→ **Work item**
Please output exactly the lines below, starting at the line that has "4227 Poso Flat Road, Bakersfield, CA 93308" and ending at the line that has "7Days Premium Guangzhou", both included; leave out all pictures and include nothing else.

→ **Data shown**
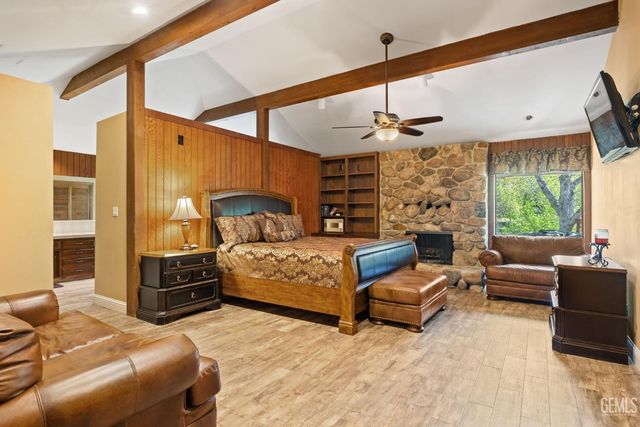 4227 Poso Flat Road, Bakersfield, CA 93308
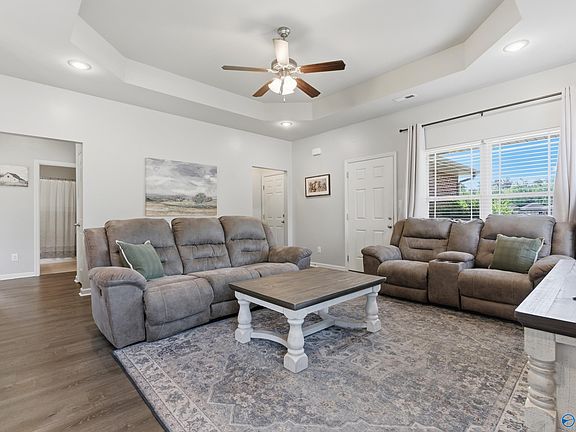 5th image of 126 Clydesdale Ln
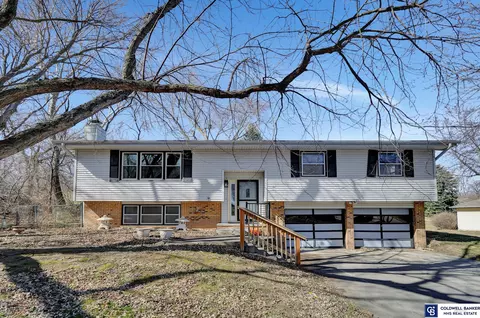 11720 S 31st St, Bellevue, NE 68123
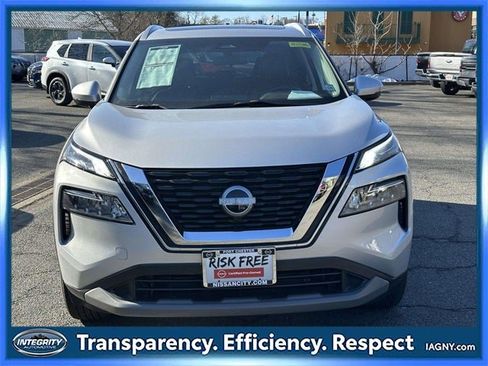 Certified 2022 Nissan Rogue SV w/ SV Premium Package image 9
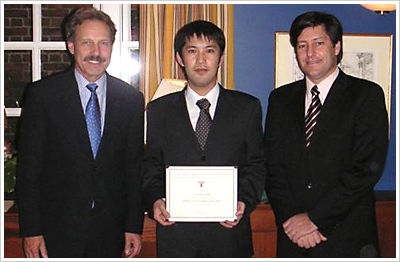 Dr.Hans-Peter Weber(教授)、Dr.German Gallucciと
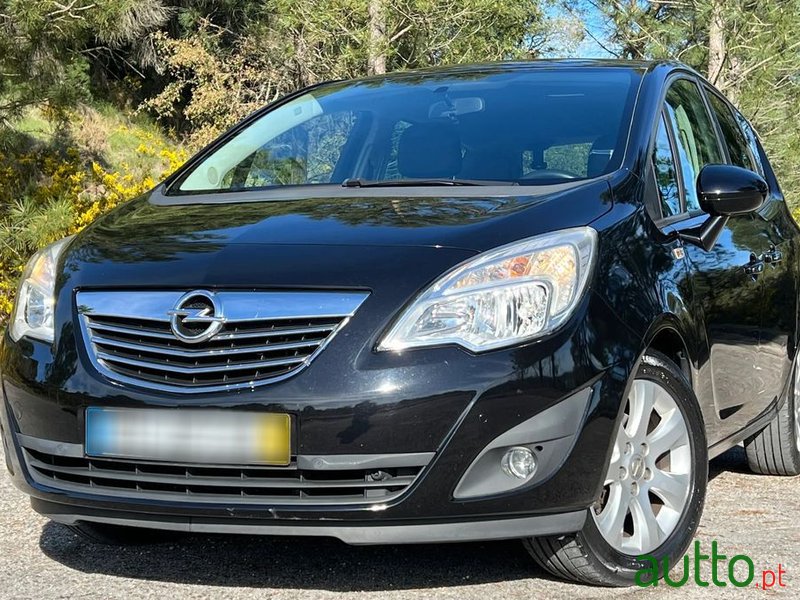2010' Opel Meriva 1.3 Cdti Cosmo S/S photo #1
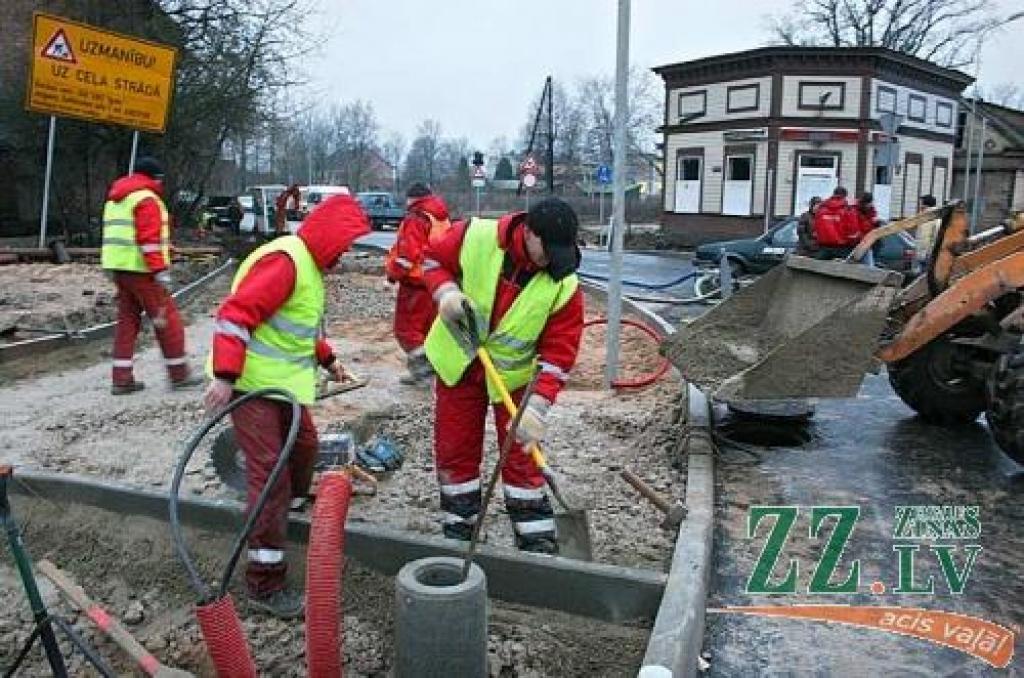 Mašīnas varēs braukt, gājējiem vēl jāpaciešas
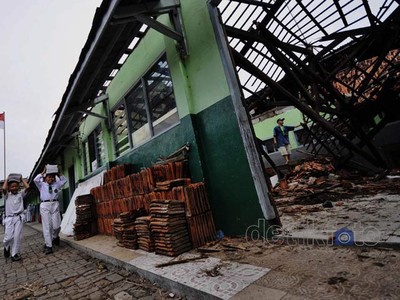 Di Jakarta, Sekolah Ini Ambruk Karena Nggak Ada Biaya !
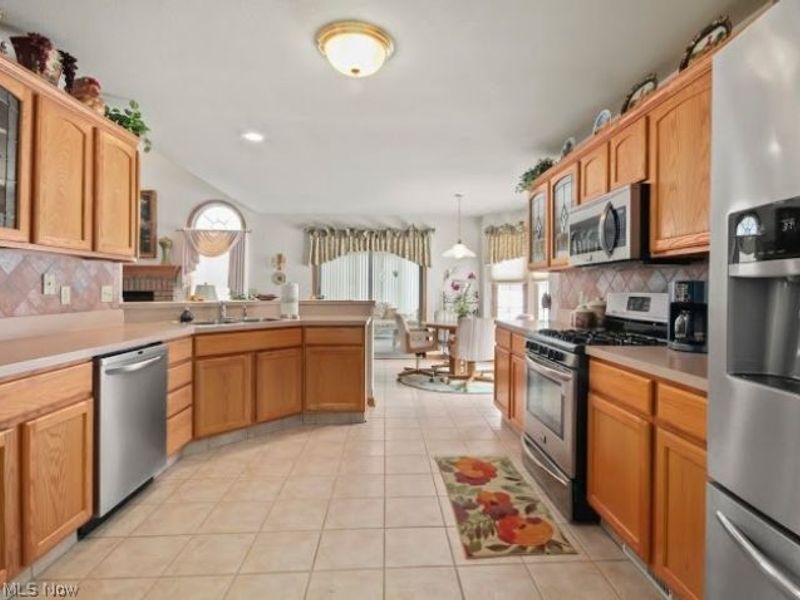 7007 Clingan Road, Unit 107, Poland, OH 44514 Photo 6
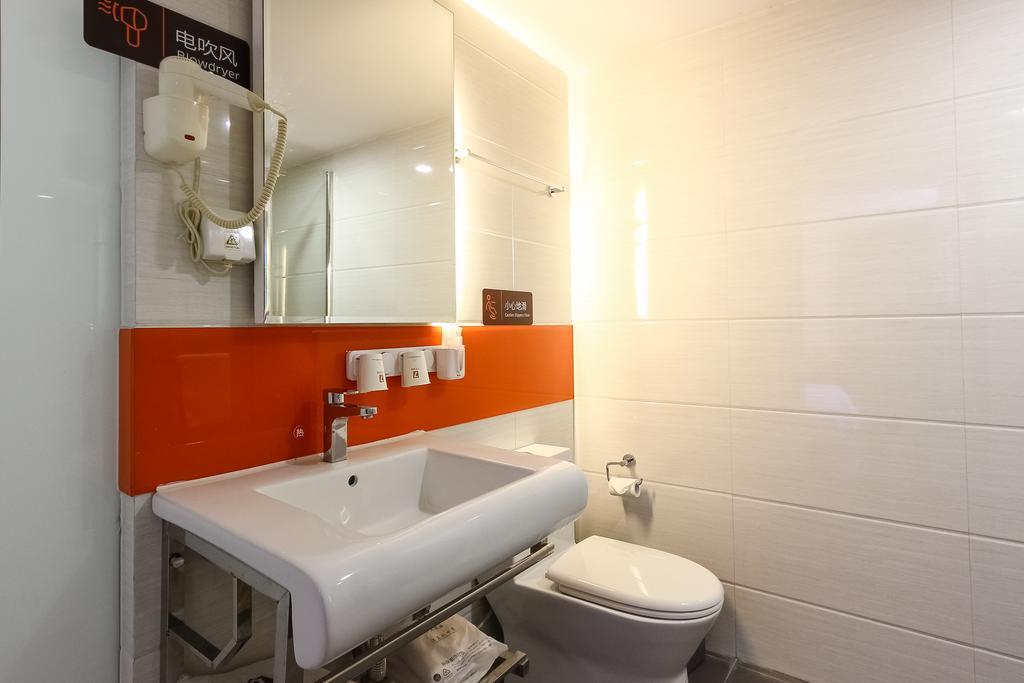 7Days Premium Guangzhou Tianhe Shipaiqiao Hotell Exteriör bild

* * *

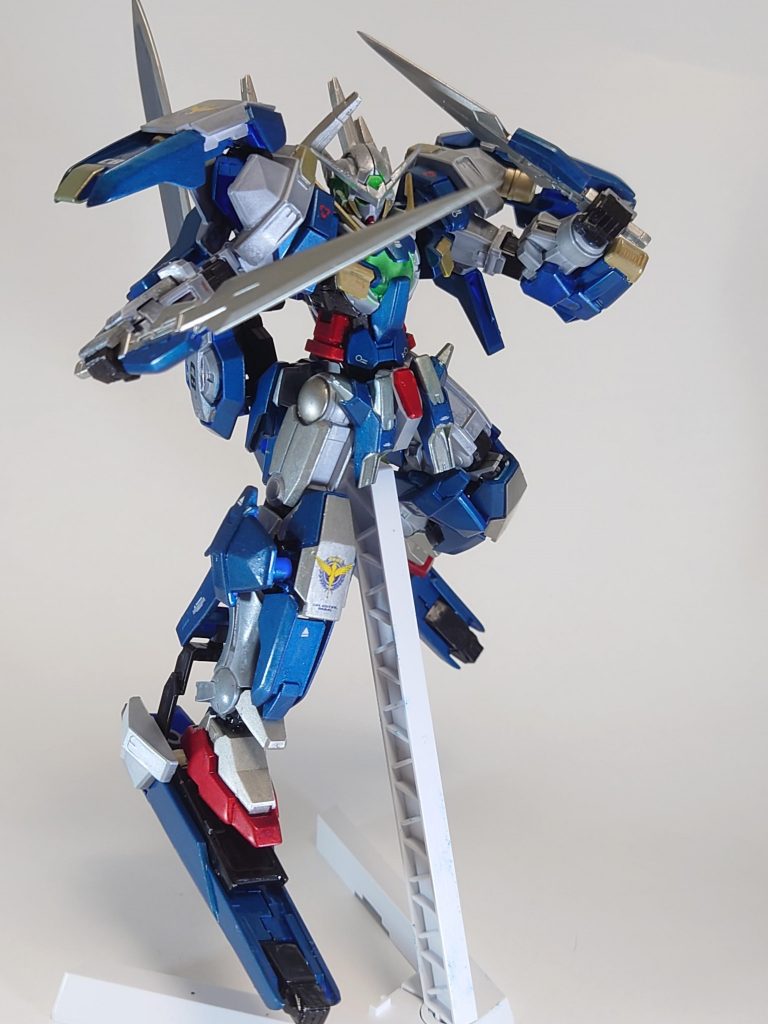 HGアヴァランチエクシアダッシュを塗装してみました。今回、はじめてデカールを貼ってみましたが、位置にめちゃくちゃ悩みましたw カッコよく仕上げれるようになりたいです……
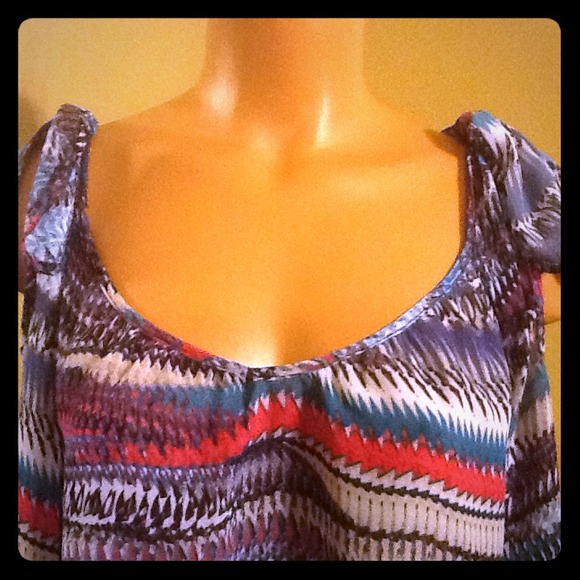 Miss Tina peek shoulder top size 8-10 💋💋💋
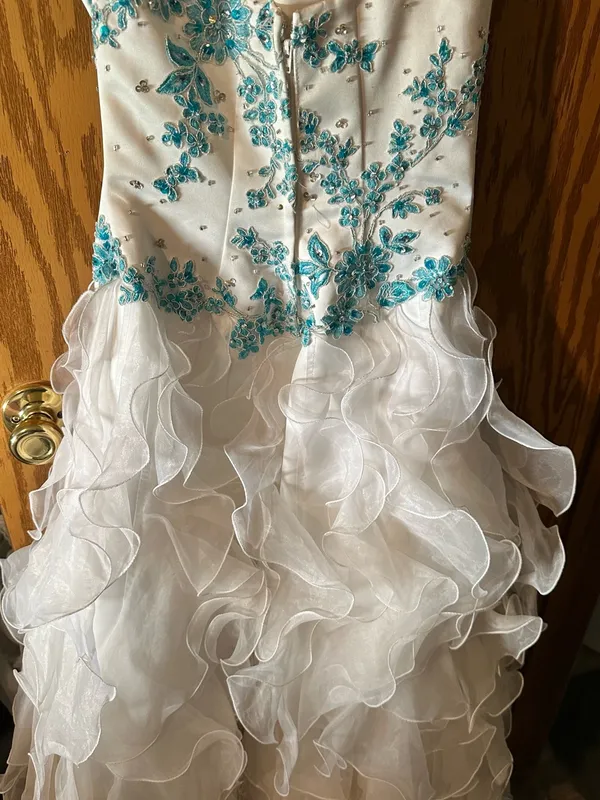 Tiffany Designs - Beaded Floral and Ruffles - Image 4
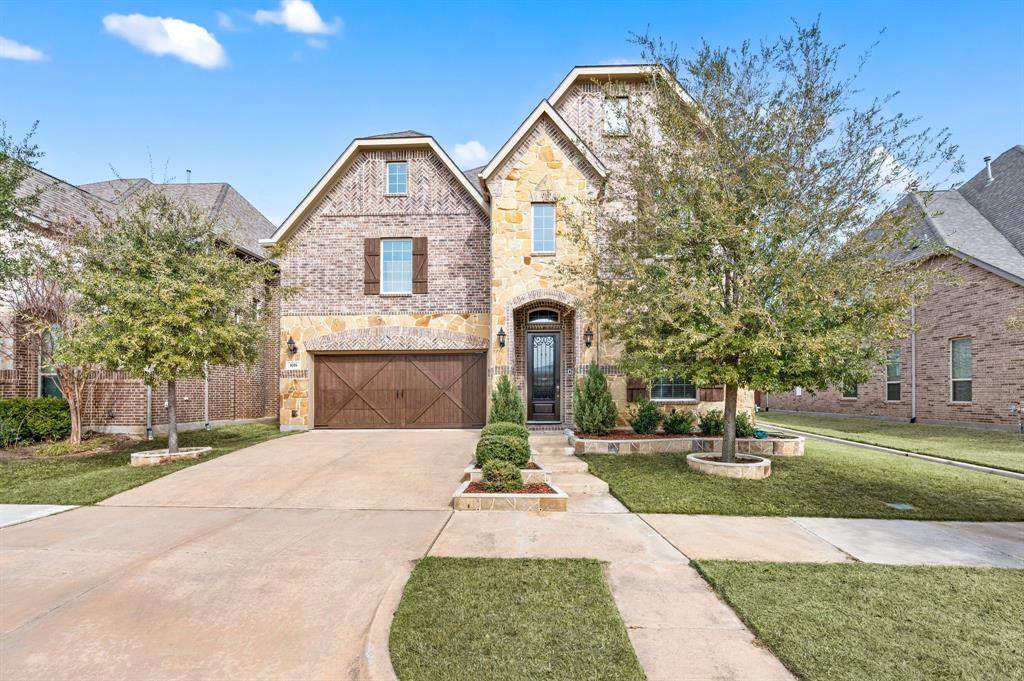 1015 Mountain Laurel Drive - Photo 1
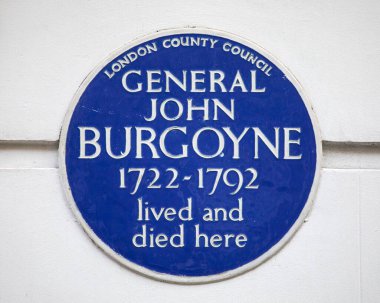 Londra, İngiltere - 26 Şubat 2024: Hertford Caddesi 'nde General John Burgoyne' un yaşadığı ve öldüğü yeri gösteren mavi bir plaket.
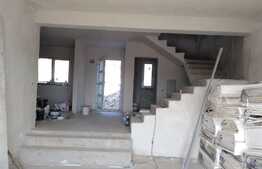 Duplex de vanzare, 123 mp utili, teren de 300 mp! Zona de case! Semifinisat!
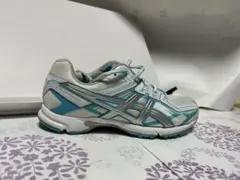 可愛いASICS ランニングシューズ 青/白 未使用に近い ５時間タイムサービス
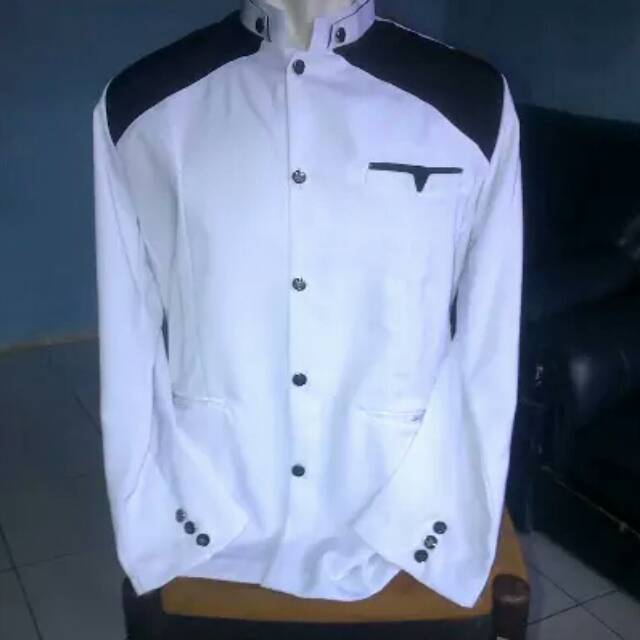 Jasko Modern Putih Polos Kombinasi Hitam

→ **Response below**
 4227 Poso Flat Road, Bakersfield, CA 93308
 5th image of 126 Clydesdale Ln
 11720 S 31st St, Bellevue, NE 68123
 Certified 2022 Nissan Rogue SV w/ SV Premium Package image 9
 Dr.Hans-Peter Weber(教授)、Dr.German Gallucciと
2010' Opel Meriva 1.3 Cdti Cosmo S/S photo #1
 Mašīnas varēs braukt, gājējiem vēl jāpaciešas
 Di Jakarta, Sekolah Ini Ambruk Karena Nggak Ada Biaya !
 7007 Clingan Road, Unit 107, Poland, OH 44514 Photo 6
 7Days Premium Guangzhou Tianhe Shipaiqiao Hotell Exteriör bild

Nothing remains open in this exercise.